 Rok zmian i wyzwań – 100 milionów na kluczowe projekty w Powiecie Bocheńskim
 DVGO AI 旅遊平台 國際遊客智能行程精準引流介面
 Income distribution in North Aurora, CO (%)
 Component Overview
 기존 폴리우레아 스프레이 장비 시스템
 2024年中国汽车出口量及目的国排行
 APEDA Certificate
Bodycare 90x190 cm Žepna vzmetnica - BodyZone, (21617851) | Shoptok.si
==
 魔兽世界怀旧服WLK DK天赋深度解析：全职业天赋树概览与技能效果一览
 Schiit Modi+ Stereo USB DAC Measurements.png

= Task to carry out =
Your answer should consist of the lines from the line with "DVGO AI 旅遊平台 國際遊客智能行程精準引流介面" to the line with "Bodycare 90x190 cm" above, repeated exactly, both ends included.

= Response to this task =
 DVGO AI 旅遊平台 國際遊客智能行程精準引流介面
 Income distribution in North Aurora, CO (%)
 Component Overview
 기존 폴리우레아 스프레이 장비 시스템
 2024年中国汽车出口量及目的国排行
 APEDA Certificate
Bodycare 90x190 cm Žepna vzmetnica - BodyZone, (21617851) | Shoptok.si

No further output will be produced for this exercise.